Partitioning evapotranspiration using high-frequency stable isotope observation techniques: progress and challenges

Dr. Maren Dubbert

Date: Thursday, September 15, 2022
Time: 4.15 pm
Place: F 02 (Büsgenweg 2) and streamed via zoom. If you want to attend remotely, please register by sending an email to grk2300@uni-goettingen.de.

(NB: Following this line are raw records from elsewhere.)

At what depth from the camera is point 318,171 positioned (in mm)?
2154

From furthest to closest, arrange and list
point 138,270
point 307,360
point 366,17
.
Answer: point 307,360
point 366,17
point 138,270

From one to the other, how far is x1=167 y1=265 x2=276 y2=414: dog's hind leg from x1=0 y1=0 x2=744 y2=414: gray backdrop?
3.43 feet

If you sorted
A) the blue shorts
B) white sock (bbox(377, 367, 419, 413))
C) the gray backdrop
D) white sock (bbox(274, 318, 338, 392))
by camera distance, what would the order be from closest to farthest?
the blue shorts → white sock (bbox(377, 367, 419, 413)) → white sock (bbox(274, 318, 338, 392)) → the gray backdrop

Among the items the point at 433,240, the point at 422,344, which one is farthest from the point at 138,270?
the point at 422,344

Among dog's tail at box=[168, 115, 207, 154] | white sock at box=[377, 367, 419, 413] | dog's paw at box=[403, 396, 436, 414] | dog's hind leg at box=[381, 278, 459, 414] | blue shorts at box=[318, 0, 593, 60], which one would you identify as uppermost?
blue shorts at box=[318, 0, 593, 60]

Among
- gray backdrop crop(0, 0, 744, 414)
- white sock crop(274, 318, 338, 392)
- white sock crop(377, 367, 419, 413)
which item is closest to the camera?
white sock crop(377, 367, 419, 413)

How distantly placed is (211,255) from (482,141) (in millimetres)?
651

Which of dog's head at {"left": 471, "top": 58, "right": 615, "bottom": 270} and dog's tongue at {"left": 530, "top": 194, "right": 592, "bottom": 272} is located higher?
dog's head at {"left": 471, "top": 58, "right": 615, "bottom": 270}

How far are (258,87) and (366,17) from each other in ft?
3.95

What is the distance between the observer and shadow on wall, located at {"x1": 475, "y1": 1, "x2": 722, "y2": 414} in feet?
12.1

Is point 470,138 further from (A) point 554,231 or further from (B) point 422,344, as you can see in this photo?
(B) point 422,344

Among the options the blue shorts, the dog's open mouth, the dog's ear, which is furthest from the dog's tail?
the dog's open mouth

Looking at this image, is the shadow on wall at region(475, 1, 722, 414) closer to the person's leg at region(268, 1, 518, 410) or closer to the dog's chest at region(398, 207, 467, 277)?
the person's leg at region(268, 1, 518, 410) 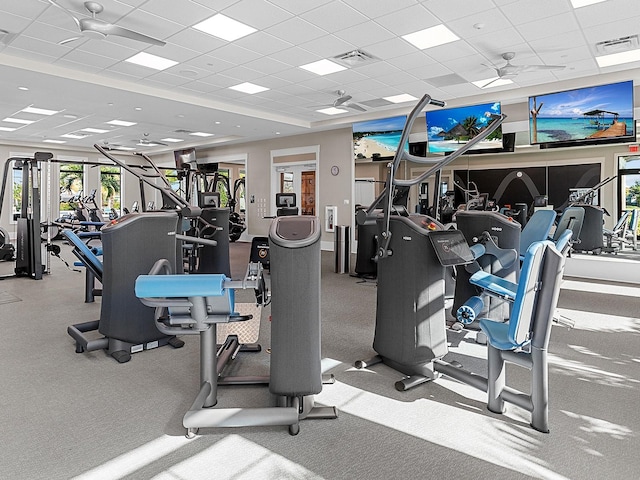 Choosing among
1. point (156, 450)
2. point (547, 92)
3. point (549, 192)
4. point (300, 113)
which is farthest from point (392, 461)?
point (300, 113)

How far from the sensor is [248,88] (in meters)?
7.87

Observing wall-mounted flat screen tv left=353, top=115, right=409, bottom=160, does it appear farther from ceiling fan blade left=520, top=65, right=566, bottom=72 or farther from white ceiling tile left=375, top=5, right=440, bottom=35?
white ceiling tile left=375, top=5, right=440, bottom=35

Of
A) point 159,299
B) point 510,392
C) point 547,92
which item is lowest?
point 510,392

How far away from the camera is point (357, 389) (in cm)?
287

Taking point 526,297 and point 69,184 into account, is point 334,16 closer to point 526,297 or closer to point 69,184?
point 526,297

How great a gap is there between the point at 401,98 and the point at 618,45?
363cm

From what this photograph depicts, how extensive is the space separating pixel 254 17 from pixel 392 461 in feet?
15.2

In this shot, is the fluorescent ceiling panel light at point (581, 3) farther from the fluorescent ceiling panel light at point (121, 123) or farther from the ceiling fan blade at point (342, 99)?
the fluorescent ceiling panel light at point (121, 123)

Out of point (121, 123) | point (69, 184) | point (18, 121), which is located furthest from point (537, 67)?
point (69, 184)

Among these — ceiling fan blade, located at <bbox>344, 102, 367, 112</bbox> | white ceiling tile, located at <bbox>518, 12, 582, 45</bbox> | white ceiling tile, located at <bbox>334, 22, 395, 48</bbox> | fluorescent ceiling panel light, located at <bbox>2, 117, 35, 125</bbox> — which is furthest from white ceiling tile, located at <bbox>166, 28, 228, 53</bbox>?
fluorescent ceiling panel light, located at <bbox>2, 117, 35, 125</bbox>

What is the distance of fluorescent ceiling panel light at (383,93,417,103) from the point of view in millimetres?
8284

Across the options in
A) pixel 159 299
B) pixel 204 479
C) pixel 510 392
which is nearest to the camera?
pixel 204 479

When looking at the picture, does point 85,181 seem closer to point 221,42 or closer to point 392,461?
point 221,42

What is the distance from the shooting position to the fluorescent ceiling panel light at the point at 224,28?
16.3 ft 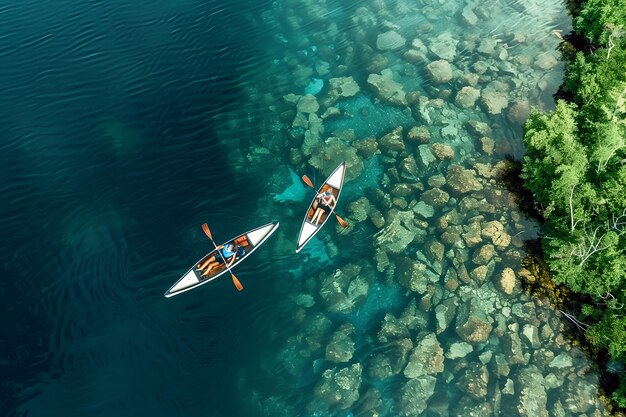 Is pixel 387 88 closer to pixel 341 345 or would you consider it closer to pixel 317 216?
pixel 317 216

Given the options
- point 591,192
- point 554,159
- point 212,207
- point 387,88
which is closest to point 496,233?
point 554,159

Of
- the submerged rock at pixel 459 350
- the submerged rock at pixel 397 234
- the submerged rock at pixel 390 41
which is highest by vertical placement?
the submerged rock at pixel 390 41

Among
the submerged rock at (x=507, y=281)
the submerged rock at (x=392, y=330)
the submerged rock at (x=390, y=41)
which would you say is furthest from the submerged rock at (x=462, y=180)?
the submerged rock at (x=390, y=41)

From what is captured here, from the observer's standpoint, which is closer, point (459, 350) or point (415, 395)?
point (415, 395)

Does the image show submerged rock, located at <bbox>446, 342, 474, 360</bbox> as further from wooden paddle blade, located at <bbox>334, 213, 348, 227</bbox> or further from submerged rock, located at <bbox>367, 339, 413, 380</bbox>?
wooden paddle blade, located at <bbox>334, 213, 348, 227</bbox>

In light of ongoing global climate change and related increases in extreme hydrological events, it is becoming increasingly important to have a comprehensive knowledge of the ecosystem water cycle to assess ecosystem stability. Evapotranspiration (ET) plays a crucial role returning up to 90 % of ingoing precipitation back to the atmosphere. Partitioning of ET into its main components is crucial to understand temporal developments in net fluxes but to data remains one of the key challenges in ecosystem water research.
Water stable isotopes are a powerful tracer of water transfer through the soil-vegetation-atmosphere continuum (SPAC, Dubbert & Werner 2019). Following the development of laser-based spectrometry, the last decade has seen an important technological thrust of isotope monitoring methods at various scales within the SPAC (Dubbert et al., 2013; Dubbert et al., 2014; Braden-Behrens et al., 2019, 2020; Rothfuss et al., 2013; Volkmann and Weiler, 2014; Marshall et al., 2020), allowing to investigate the dynamic interactions at the soil-plant and plant-atmosphere interface in unprecedented temporal (<1 hr) and spatial resolution (<1 m2). In this short lecture we will discuss the background of combined flux and stable isotope evapotranspiration partitioning approaches, summarize significant milestones of the last decade, as well as progress and current challenges of using novel in-situ stable water isotopes techniques to disentangle ecohydrological fluxes.